Want to know gravity? Lay flat on your back.

At some point in the distant past, I realized the truth about gravity. Because gravity isn’t a force. Gravity is a bending in space-time.

Here’s how I did it. It may not work for you the way it worked for me. But it worked for me just fine. Perfectly, in fact.

bend in space-time

No pull. Just acceleration. That’s pretty cool. (source)

 

I simply laid on my back. Yes, there were trees around. And yes, it was a pristine location surrounded by natural beauty. But none of that really mattered. What mattered was what I experienced as I lay on my back. And it would be the same no matter where I laid. I could have been in bed, laying on my back on whatever kind of mattress you might want to spend your money on. In my case, it was grass. Just grass. Just a flat patch of grass.
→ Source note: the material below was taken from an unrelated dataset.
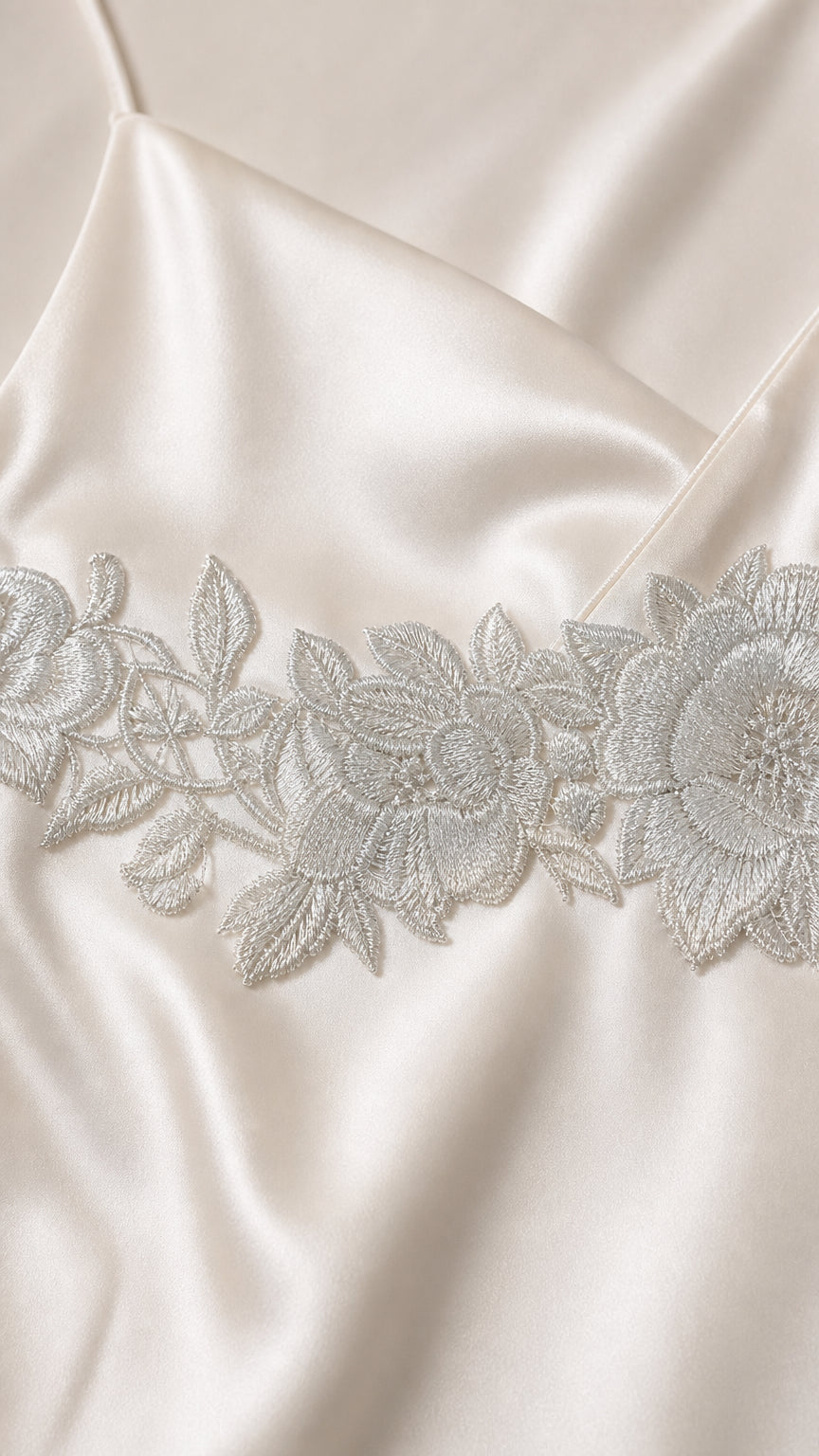 Close-up detail of white satin fabric and floral lace embroidery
As I lay on my back, I realized that it was exactly the same feeling as if I were laying on my back in one of those spinning carnival rides, where the passengers begin standing against a padded wall, and then slowly, as the whole spinning contraption begins to rotate, you are pressed against the padded wall behind you. Until you realize that the padded wall behind you is really the padded bed beneath you. Because centrifugal force is pushing against you, turning the wall into the floor.

But there’s more. Just laying on the ground, on the grassy ground, I felt that I was accelerating upward. This is exactly the way Einstein described gravity. Gravity is no different than acceleration. A constant acceleration gives you the sense of weight. A constant acceleration is gravity. You can lay on the ground and get the definite sense that you are accelerating upward. And there is no difference. In fact, the gravity that you experience in that way is exactly the same as the gravity you feel at all times, while you are awake, walking around on this massive planet we call Earth. You are within and about the bent space-time caused by the mass of the planet.

Cool, right? Try it. You’ll get it.

 

KJC dingbat-thumbnail

About Keith Croes

Nice to meet you. Thanks for dropping by.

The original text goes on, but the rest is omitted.